Na origem da previsão do aumento percentual da dívida pública em termos de PIB encontravam-se três fatores: a depreciação do kwanza no quarto trimestre de 2019 (cerca de quatro quintos do aumento), a baixa dos preços e da produção do petróleo, e a recuperação económica lenta. De sublinhar, portanto, um primeiro aspeto que é a constatação que 80% do aumento do percentual da dívida pública face ao PIB deriva da depreciação do kwanza.

Consequentemente, teríamos uma política preconizada pelo FMI (depreciação moeda) a influenciar negativamente outro índice reputado importante pela mesma organização (relação dívida pública/PIB). Significa isto que não era demasiado importante olhar para esta relação para calcular a possível fragilidade da dívida pública angolana, pois ela refletia essencialmente oscilações nominais e não reais. Em dezembro de 2019, a dívida pública angolana era sustentável.

Contudo, passados quatro meses, a situação tornou-se mais difícil, admitindo-se, agora, que os aspetos reais da economia possam dificultar o serviço da dívida. Ainda não se está nessa situação, e a tomada de medidas pode evitar qualquer problema, pois não se trata de ter sido substancialmente contraída mais dívida, mas do choque proveniente da Covid-19 que está a afetar a economia mundial. Este choque tem consequências para Angola, pressionando dois elementos materiais importantes para a sustentabilidade do pagamento da dívida: o preço do petróleo e a recuperação económica. Como é sabido, o petróleo tem visto o seu preço a descer abruptamente, e as perspetivas de recuperação da economia angolana são débeis.

Consequentemente, em abril de 2020, o mesmo FMI previu uma recessão de 1,4% para a economia angolana e um valor da dívida igual a 132 % do PIB. A previsão do FMI é precisamente só isso, não correspondendo ainda, em termos de dívida pública, a qualquer realidade nova. Na verdade, o ano de 2019 terá fechado com uma dívida pública de 109,8% do PIB e não 111%, ligeiramente melhor do que o previsto[3].

Refira-se ainda que a parte correspondente à dívida pública externa será de 85,4% do PIB, que é a que nos interessa analisar.

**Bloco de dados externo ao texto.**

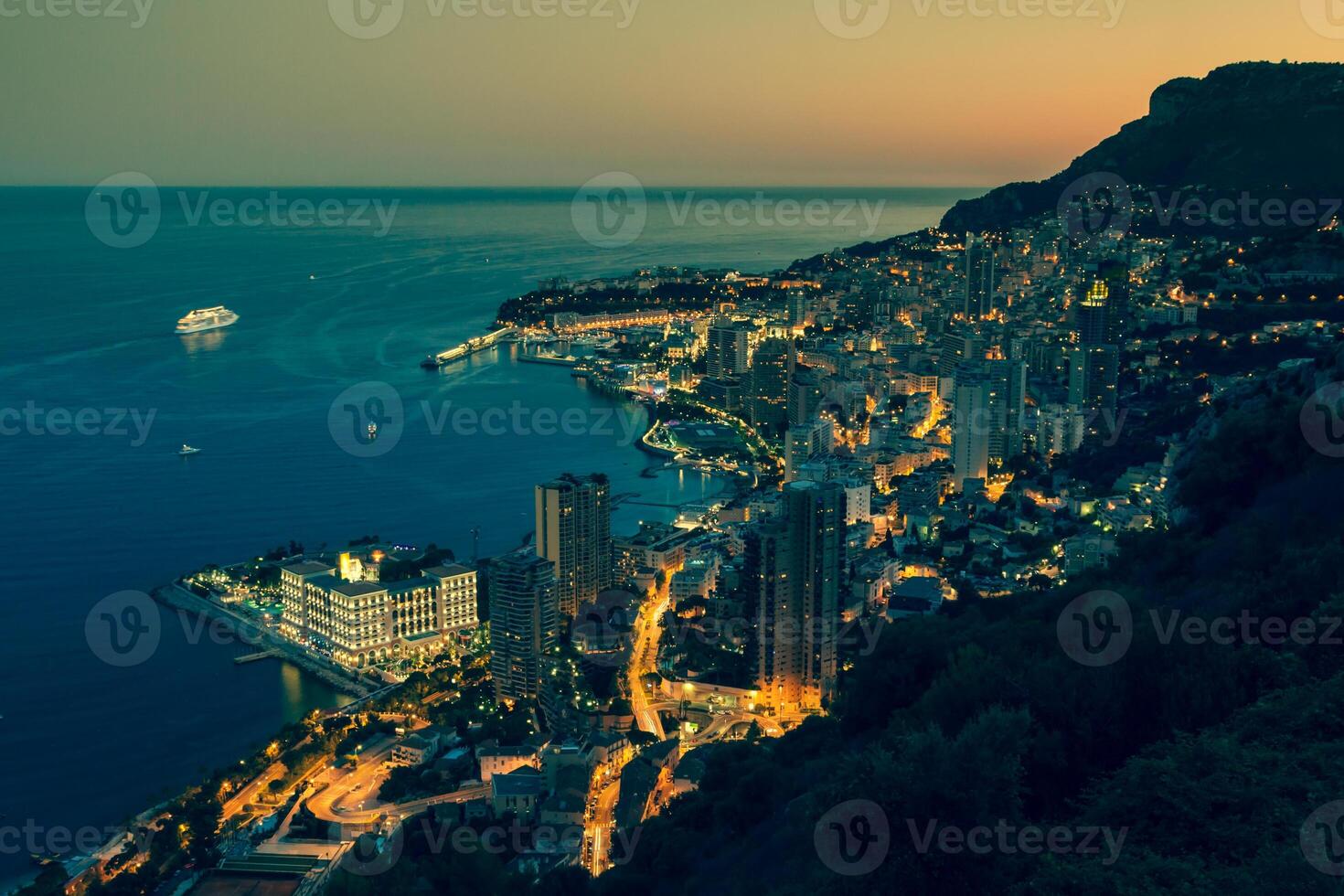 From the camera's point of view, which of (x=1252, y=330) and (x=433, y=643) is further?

Os diversos elementos até aqui considerados, levam-nos a duas conclusões: a primeira: a dívida pública angolana estava a evoluir de forma sustentável, sendo que a degradação nominal da dívida pública do país em percentual do PIB refletia, sobretudo, a depreciação nominal da moeda e não algum descontrolo absurdo que tivesse ocorrido nas finanças públicas nos tempos mais recentes. Se repararmos entre 2017 e 2019, numa época de recessão, o stock da dívida externa aumentou somente 14%, sendo que foi anteriormente, entre 2012 e 2016 que subiu 100%. Isto quer dizer, em termos políticos, que o governo de José Eduardo dos Santos duplicou a dívida pública externa em quatro anos, enquanto João Lourenço tem tentado travar esse aumento exponencial[4]. Uma análise mais fina da figura abaixo apresentada assinala o grande impulso da dívida externa angolana entre 2012 e 2016. Existiu uma tentativa de estabilização em 2017 e apenas aumento modesto em 2018 e 2019.

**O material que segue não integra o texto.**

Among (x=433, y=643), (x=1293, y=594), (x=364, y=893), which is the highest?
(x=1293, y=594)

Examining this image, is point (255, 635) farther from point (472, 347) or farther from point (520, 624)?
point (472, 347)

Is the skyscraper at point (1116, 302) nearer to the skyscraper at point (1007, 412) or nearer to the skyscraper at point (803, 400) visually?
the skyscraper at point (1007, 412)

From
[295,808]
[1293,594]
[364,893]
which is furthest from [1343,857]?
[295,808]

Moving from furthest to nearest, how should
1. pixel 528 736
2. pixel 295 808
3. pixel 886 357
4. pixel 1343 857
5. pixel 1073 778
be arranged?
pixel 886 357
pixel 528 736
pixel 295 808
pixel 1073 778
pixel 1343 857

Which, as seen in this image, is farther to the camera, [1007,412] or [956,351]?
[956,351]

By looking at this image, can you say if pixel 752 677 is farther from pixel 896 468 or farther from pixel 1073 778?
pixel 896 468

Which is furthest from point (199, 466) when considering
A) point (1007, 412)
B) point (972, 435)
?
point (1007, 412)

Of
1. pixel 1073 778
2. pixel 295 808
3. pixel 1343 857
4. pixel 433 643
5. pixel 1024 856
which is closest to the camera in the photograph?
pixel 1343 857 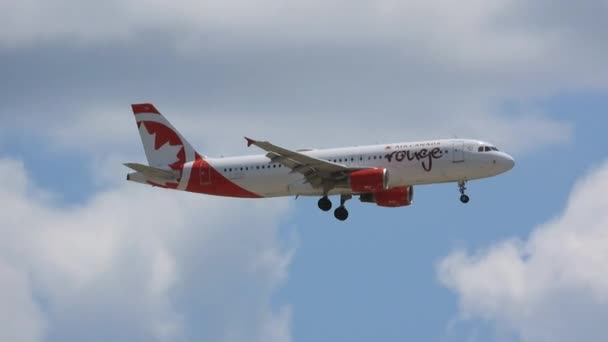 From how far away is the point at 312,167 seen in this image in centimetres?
9262

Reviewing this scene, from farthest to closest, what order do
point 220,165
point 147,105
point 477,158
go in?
1. point 147,105
2. point 220,165
3. point 477,158

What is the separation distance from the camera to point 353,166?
306ft

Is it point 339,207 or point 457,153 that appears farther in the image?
point 339,207

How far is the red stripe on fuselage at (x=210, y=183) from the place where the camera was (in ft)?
317

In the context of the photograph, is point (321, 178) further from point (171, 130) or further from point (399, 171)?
point (171, 130)

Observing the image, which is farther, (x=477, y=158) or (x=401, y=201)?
(x=401, y=201)

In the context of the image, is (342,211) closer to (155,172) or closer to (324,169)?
(324,169)

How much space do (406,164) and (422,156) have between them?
1.20 meters

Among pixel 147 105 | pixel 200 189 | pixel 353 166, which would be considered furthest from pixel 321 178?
pixel 147 105

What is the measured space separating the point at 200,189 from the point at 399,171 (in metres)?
14.8

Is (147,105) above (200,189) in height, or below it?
above

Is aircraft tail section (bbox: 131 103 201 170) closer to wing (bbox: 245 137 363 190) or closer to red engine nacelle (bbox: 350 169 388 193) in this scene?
wing (bbox: 245 137 363 190)

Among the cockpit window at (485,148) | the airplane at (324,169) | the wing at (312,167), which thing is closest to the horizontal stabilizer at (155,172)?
the airplane at (324,169)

Figura n.º 1-Stock da dívida pública externa angolana (2012-2019) [valores em milhões de dólares; fonte BNA]

Contudo, e essa é a segunda conclusão, se havia confiança na capacidade de Angola pagar a dívida, e no controlo da mesma por parte do atual governo, a verdade é que a crise mundial da Covid-19 veio lançar uma nuvem de incerteza sobre as dívidas públicas em termos globais, afetando obviamente a perceção em relação a Angola. Naturalmente que essa perceção pós-Covid-19 exige que os governos se antecipem e tomem medidas para evitar problemas futuros.

 É neste contexto que merece atenção a eventual adaptação da dívida externa angolana à realidade presente trazida pela Covid-19, e a necessidade de aligeirar o seu peso para garantir a sustentabilidade da recuperação económica.

A importância da dívida à China

A presente situação mundial trazida pela Covid-19 e a necessidade que Angola tem de garantir que a sua dívida pública é sustentável e de não perturbar o arranque económico que urge mobilizar, implicam que este seja o momento para, sem temor, se avançar com uma renegociação construtiva da dívida externa.

Atendendo às características essenciais da dívida pública angolana, há que seguir o método cartesiano na abordagem dessa negociação. Significa isto, que não se deve olhar para a dívida como um todo, mas dividi-la em secções, abordando cada uma independentemente. É errado do ponto de vista metodológico encarar a dívida pública externa angolana como um todo devido ao peso imenso que a China tem na mesma.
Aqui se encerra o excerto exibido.